3月に入り、移民の受け入れ数の半減や、欧州域内各国の移動の自由を保障するシェンゲン協定加盟国に対する移民管理強化の提案などの公約を発表し、極右政党・国民戦線(FN)からの支持層の引き剥がしに一定成功。第1回投票での支持率で初めてオランド氏を抜いた世論調査もあります。
昨年10月の党内予備選を勝ち抜いた社会党のオランド元第1書記は、「購買力を引き上げる」と主張して当選したサルコジ氏の「公約違反」を中心に、サルコジ氏の失政を批判し、選挙戦をリード。富裕層に70%の所得税率を課すとの考えを示しています。
原子力大国フランスで、消費電力の原子力への依存度を現在の75%から50%に引き下げることを、欧州エコロジー・緑の党(EELV)と協定を交わすなかで公約化。サルコジ氏が原子力産業における「雇用の確保」を理由に原子力にしがみつく姿勢とは対照的です。
左翼が結集
過去2回の大統領選で共産党の独自候補は、それぞれ得票率3・37%、1・93%と惨敗。「左翼の結集」を旗印に共産党と左翼党(メランション党首)が選挙協力する形で2008年にスタートした「左翼戦線」は、この間の地方選挙や欧州議会選挙でも結果を残してきました。

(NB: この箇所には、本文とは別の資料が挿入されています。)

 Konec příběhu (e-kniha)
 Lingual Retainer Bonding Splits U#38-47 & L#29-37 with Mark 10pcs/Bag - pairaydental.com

メランション氏は、現在約1400ユーロの月額最低賃金を1700ユーロに引き上げること、サルコジ政権下で引き上げられた法定退職年齢を60歳に戻すことなどを主張。各種世論調査で10%以上の支持を獲得しています。
仏大統領選挙 第1回投票で投票総数の過半数を得る候補者がいない場合、上位2人による決選投票が2週間後(今回は5月6日)に行われます。大統領の任期は5年で、連続再選は1度だけ可能。